Sadece evle kalsa yine iyi. Kaldırımdaki ağacı budayacağım derken kuşa çeviren alt kattaki bakkala, kapının önünde top oynarken küfreden mahallenin veletlerine, ağacın dibine kediler su içsin diye koyduğu su kabına sigara izmariti atan magandalara, balkondan çiğdem çitleyip aşağı kabuklarını atan karşı komşuya. İyi hoş da bazen başını belaya sokacak diye korkuyoruz. En son gecenin geç saatlerinde motosikletinin egzozunu bağırtarak geçen beyefendinin (!) kafaya elmayı yapıştırıyordu kii, son anda yetişip pencereyi kapattık.

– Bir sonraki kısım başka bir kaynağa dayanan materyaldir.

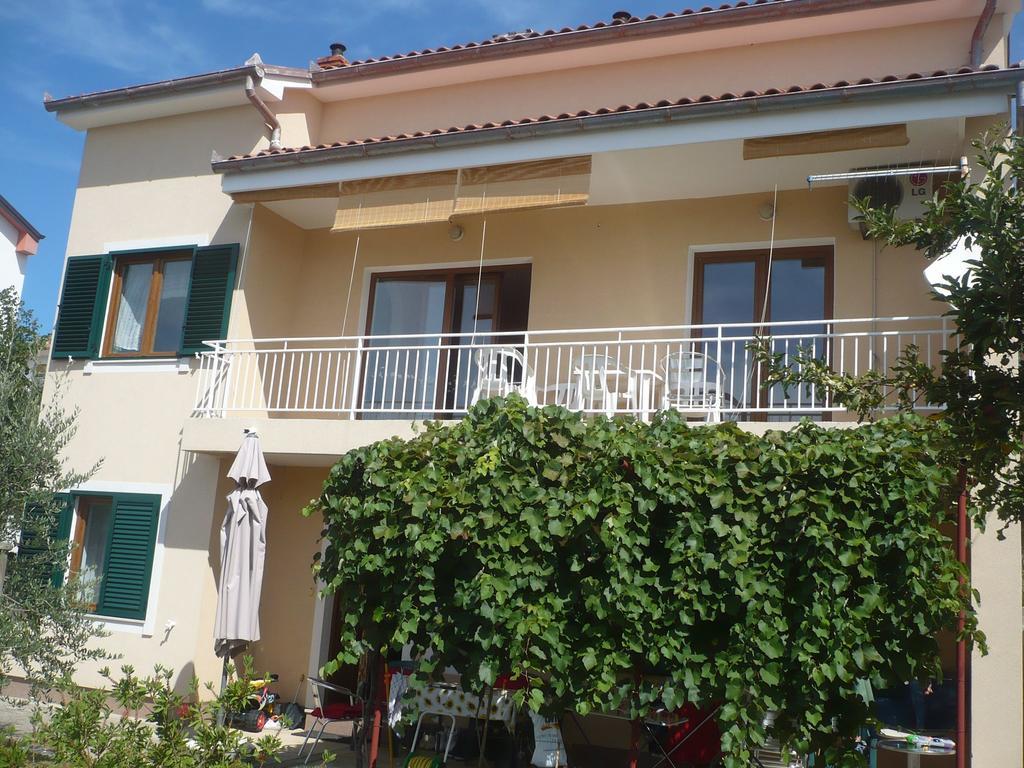 Apartment In Novi Vinodolski 15274 Povile Exterior foto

Eh bu kadar kakofoniye karşılık bizim Entel sesini çıkarmadan fırsat buldukça kitap okudu. Da listesi de pek uzun anacım.65 kitaba ulaşan listede daha okuyacağı epey kitap var. Eh napalım listeyi yapan o.

Hâsılı kelam sonbaharı da bitirdik hayırlısıyla. Bakalım kışı ne yaparız. Dantel&Domestik bacılar izin verirse yazmaya ağırlık vereyim diyorum. Lakin bizim Dantel Bacı anneden kalma kanaviçelerle patchwork yatak örtüsü dikme hayali kuruyor. Domestikte evin düzenine takmış bir bardak sehpanın üstünde kalsa kıyameti koparıyor. Bakalım artık ne yaparız.

Bunlar da sonbahardan bana kalanlar…



1 : TANİOS KAYASI = Amin Maalouf







Başka milletlerin birbirlerine bakış açısını ve eş zamanlı tarihin  algılanış biçimlerini merak ederim.Bu kitapta Hıristiyan Arapların gözünden Osmanlı var.150 yıl önce kendi ülkelerinden kilometrelerce uzakta Amerikalı ve İngilizlerin Ortadoğudaki güç mücadeleleri anlatılıyor.İlginç bir roman

 2: PUSLU KITALAR ATLASI =İhsan Oktay Anar






Platon'un "Mağaradaki Gölgeler" alegorisindeki anlatım benzeri ,zaman ve gerçeklik kavramları üzerinden kurgulanmış bir roman.Tarihe bir yolculuk.Hayal ve gerçekliğin sorgulanması.Güzel bir Roman.Oldukça sevdim.Yazar İhsan Oktay Anar'ın akademisyen bir felsefeci olduğunu hatırlatmakta yarara var.